Works on my 5.1 version on MacOSX

ndb_mgm> show
Connected to Management Server at: 127.0.0.1:1186
Cluster Configuration
---------------------
[ndbd(NDB)]     2 node(s)
id=2    @127.0.0.1  (Version: 5.1.11, Nodegroup: 0, Master)
id=3    @127.0.0.1  (Version: 5.1.11, Nodegroup: 0)

[ndb_mgmd(MGM)] 1 node(s)
id=1    @127.0.0.1  (Version: 5.1.11)

[mysqld(API)]   1 node(s)
id=4    @127.0.0.1  (Version: 5.1.11)

ndb_mgm> 1 restart
Restart failed.
*  1010: Management server not connected
*        

ndb_mgm> 
ndb_mgm> show
Connected to Management Server at: 127.0.0.1:1186
Cluster Configuration
---------------------
[ndbd(NDB)]     2 node(s)
id=2    @127.0.0.1  (Version: 5.1.11, Nodegroup: 0, Master)
id=3    @127.0.0.1  (Version: 5.1.11, Nodegroup: 0)

[ndb_mgmd(MGM)] 1 node(s)
id=1    @127.0.0.1  (Version: 5.1.11)

[mysqld(API)]   1 node(s)
id=4    @127.0.0.1  (Version: 5.1.11)

Possibly related:

I tried this on a 4-node cluster (nodes 1-4) with 2 MGM nodes (nodes 5 & 6): 

1. I started up an ndb_mgm client on each of the two MGM node hosts. 
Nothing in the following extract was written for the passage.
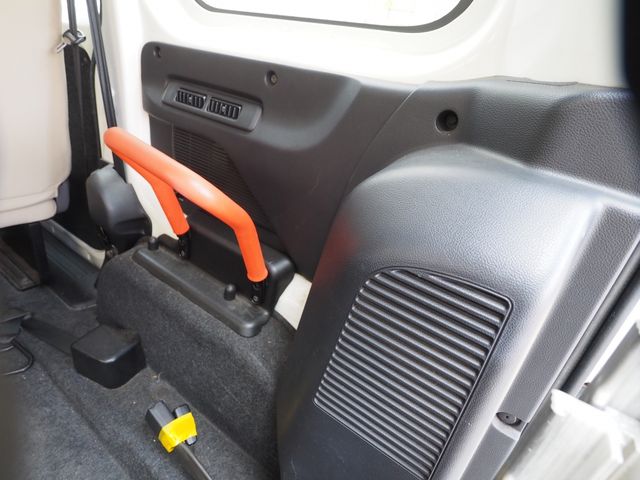 NISSAN NV200 VANETTE VAN 2012 Image 31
2. From the client on machine hosting hosting node 6, I issued the command: 5 RESTART. 

3. The client from which I issued the command reported "Node 5 is being restarted" - I then issued a SHOW on bothmanagement clients, and the management client on the node 5 host immediately segfaulted.

Node 5 never stopped running.

Oops, forgot the configuration:

-- NDB Cluster -- Management Client --
ndb_mgm> show
Connected to Management Server at: localhost:1186
Cluster Configuration
---------------------
[ndbd(NDB)]     4 node(s)
id=1    @192.168.0.103  (Version: 5.1.15, Nodegroup: 0, Master)
id=2    @192.168.0.176  (Version: 5.1.15, Nodegroup: 0)
id=3    @192.168.0.103  (Version: 5.1.15, Nodegroup: 1)
id=4    @192.168.0.176  (Version: 5.1.15, Nodegroup: 1)

[ndb_mgmd(MGM)] 2 node(s)
id=5    @192.168.0.103  (Version: 5.1.15)
id=6    @192.168.0.176  (Version: 5.1.15)

[mysqld(API)]   4 node(s)
id=7    @192.168.0.179  (Version: 5.1.15)
id=8    @192.168.0.176  (Version: 5.1.15)
id=9    @192.168.0.103  (Version: 5.1.15)
id=10   @192.168.0.112  (Version: 5.1.15)
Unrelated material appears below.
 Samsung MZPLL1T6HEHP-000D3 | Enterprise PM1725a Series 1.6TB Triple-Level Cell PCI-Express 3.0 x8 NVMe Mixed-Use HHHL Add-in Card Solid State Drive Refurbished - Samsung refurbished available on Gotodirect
i think this is/was the bug in non-block that stewart fixed last night...

People, it seems to work in 5.1.16 again. Anybody to confirm this?
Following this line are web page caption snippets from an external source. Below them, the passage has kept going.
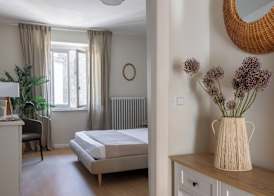 Lucca Old Town Apartment 3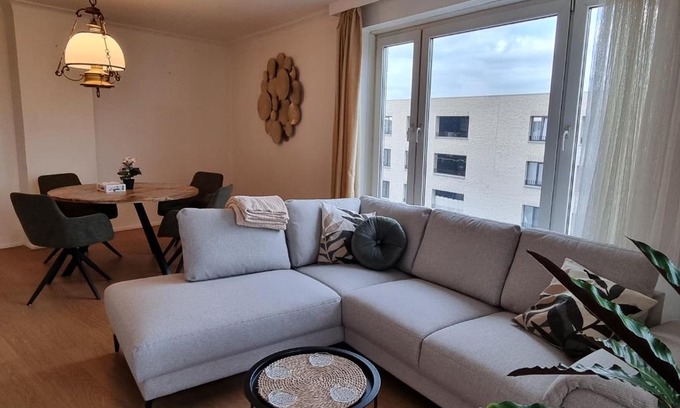 Deurne Apartment | COSY APPARTMENT 3 BEDSROOM
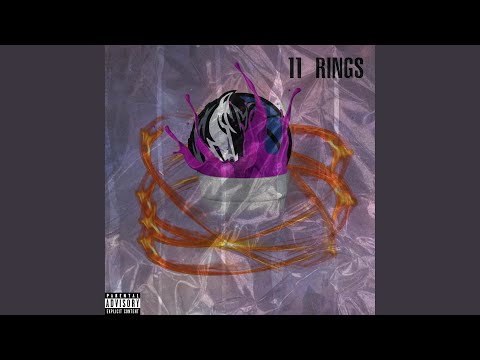 11 rings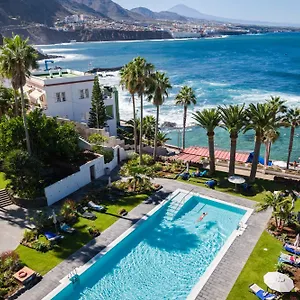 Hotell Oceano Health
still doesn't work on current 5.1 here

Thank you for taking the time to report a problem.  Unfortunately you are not using a current version of the product you reported a problem with -- the problem might already be fixed. Please download a new version from http://www.mysql.com/downloads/

If you are able to reproduce the bug with one of the latest versions, please change the version on this bug report to the version you tested and change the status back to "Open".  Again, thank you for your continued support of MySQL.